GPU/External Registers

From 3dbrew
< GPU
Revision as of 17:38, 18 April 2021 by MarcusD (talk | contribs) (Add 2DS info to "scanline double")
Jump to navigation Jump to search

This page describes the address range accessible from the ARM11, used to configure the basic GPU functionality. For information about the internal registers used for 3D rendering, see GPU/Internal Registers.

Map

Address mappings for the external registers. GSPGPU:WriteHWRegs takes these addresses relative to 0x1EB00000.

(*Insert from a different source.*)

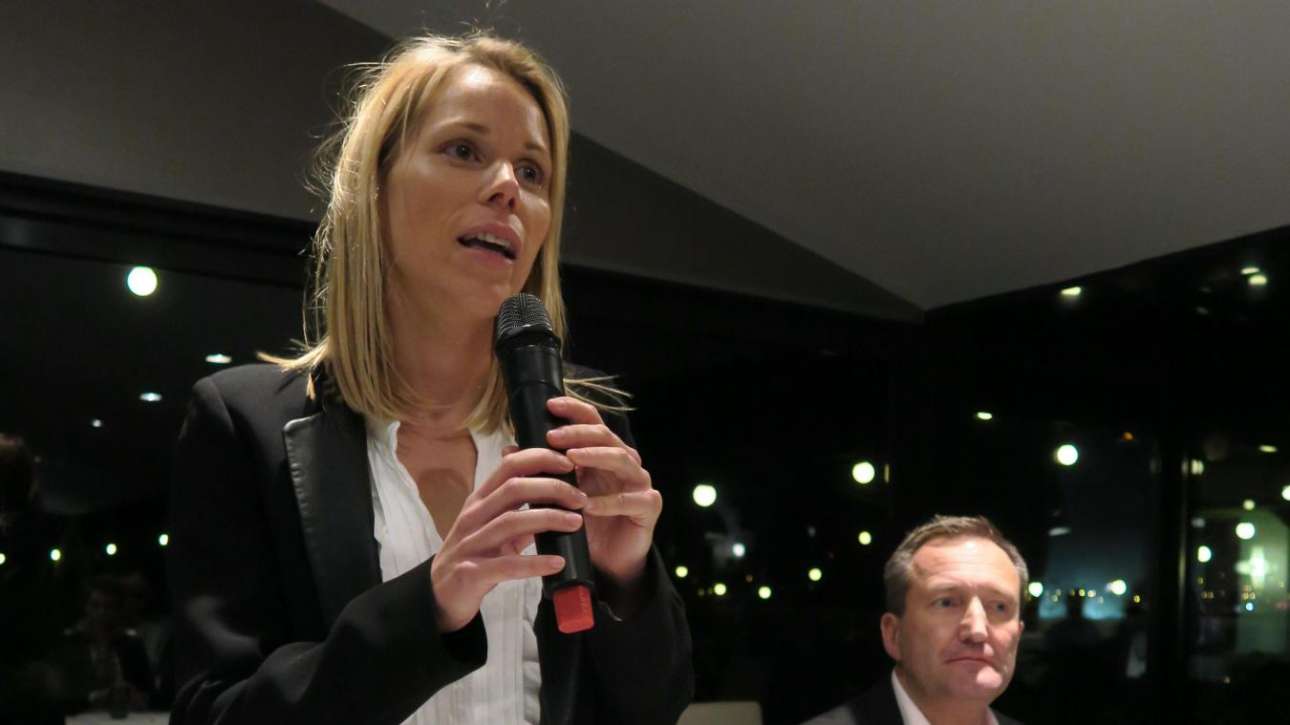 Η θετή κόρη του Μακρόν βγαίνει στο προσκήνιο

User VA PA Length Name Comments
0x1EF00004 0x10400004 4 ?
0x1EF00010 0x10400010 16 Memory Fill1 "PSC0" GX command 2
0x1EF00020 0x10400020 16 Memory Fill2 "PSC1" GX command 2
0x1EF00030 0x10400030 4 VRAM bank control Bits 8-11 = bank[i] disabled; other bits are unused
0x1EF00034 0x10400034 4 GPU Busy Bit31 = cmd-list busy, bit27 = PSC0 busy, bit26 = PSC1 busy.
0x1EF00050 0x10400050 4 ? Writes 0x22221200 on GPU init.
0x1EF00054 0x10400054 4 ? Writes 0xFF2 on GPU init.
0x1EF000C0 0x104000C0 4 Backlight control Writes 0x0 to allow backlights to turn off, 0x20000000 to force them always on.
0x1EF00400 0x10400400 0x100 Framebuffer Setup "PDC0" (top screen)
0x1EF00500 0x10400500 0x100 Framebuffer Setup "PDC1" (bottom)
0x1EF00C00 0x10400C00 ? Transfer Engine "DMA"
0x1EF01000/0x10401000 - 0x1EF01C00/0x10401C00 maps to GPU internal registers. These registers are usually not read/written directly here, but are written using the command list interface below (corresponding to the GPUREG_CMDBUF_* internal registers)
0x1EF01000 0x10401000 0x4 ? Writes 0 on GPU init and before the Command List is used
0x1EF01080 0x10401080 0x4 ? Writes 0x12345678 on GPU init.
0x1EF010C0 0x104010C0 0x4 ? Writes 0xFFFFFFF0 on GPU init.
0x1EF010D0 0x104010D0 0x4 ? Writes 1 on GPU init.
0x1EF014?? 0x104014?? 0x14 "PPF" ?
0x1EF018E0 0x104018E0 0x14 Command List "P3D"

Memory Fill

User VA Description
0x1EF000X0 Buffer start physaddr >> 3
0x1EF000X4 Buffer end physaddr >> 3
0x1EF000X8 Fill value
0x1EF000XC Control. bit0: start/busy, bit1: finished, bit8-9: fill-width (0=16bit, 1=3=24bit, 2=32bit)

Memory fills are used to initialize buffers in memory with a given value, similar to memset. A memory fill is triggered by setting bit0 in the control register. Doing so aborts any running memory fills on that filling unit. Upon completion, the hardware unsets bit0 and sets bit1 and fires interrupt PSC0.

These registers are used by GX SetMemoryFill.

LCD Source Framebuffer Setup

All of these registers must be accessed with 32bit operations regardless of the registers' actual bit size.

Offset Name Comments
0x00 H-total (V-total on not physically rotated screens). 12bits.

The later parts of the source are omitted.